• **Work to be completed**: Look through the data below and say how many of its lines contain "sleeveless", adding nothing else.

• **Available data**:

((

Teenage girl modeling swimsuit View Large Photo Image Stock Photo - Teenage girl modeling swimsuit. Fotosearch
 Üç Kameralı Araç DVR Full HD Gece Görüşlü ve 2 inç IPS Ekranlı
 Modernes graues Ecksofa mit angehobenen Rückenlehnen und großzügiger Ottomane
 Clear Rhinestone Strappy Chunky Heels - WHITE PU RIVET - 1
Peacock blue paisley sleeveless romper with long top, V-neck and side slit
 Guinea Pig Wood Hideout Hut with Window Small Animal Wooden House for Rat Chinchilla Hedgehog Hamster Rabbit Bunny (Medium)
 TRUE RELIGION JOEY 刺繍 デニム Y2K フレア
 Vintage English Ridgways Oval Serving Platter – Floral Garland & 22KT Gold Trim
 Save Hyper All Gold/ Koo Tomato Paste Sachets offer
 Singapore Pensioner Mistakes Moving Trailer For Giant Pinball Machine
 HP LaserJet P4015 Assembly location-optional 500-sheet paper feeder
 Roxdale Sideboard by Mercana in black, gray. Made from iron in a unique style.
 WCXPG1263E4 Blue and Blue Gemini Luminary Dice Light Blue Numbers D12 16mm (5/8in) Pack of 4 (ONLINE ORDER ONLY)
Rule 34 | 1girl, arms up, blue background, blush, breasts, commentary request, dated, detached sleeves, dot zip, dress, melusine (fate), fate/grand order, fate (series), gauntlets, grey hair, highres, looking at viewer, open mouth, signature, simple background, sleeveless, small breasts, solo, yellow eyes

))

• **Response to this exercise**: 2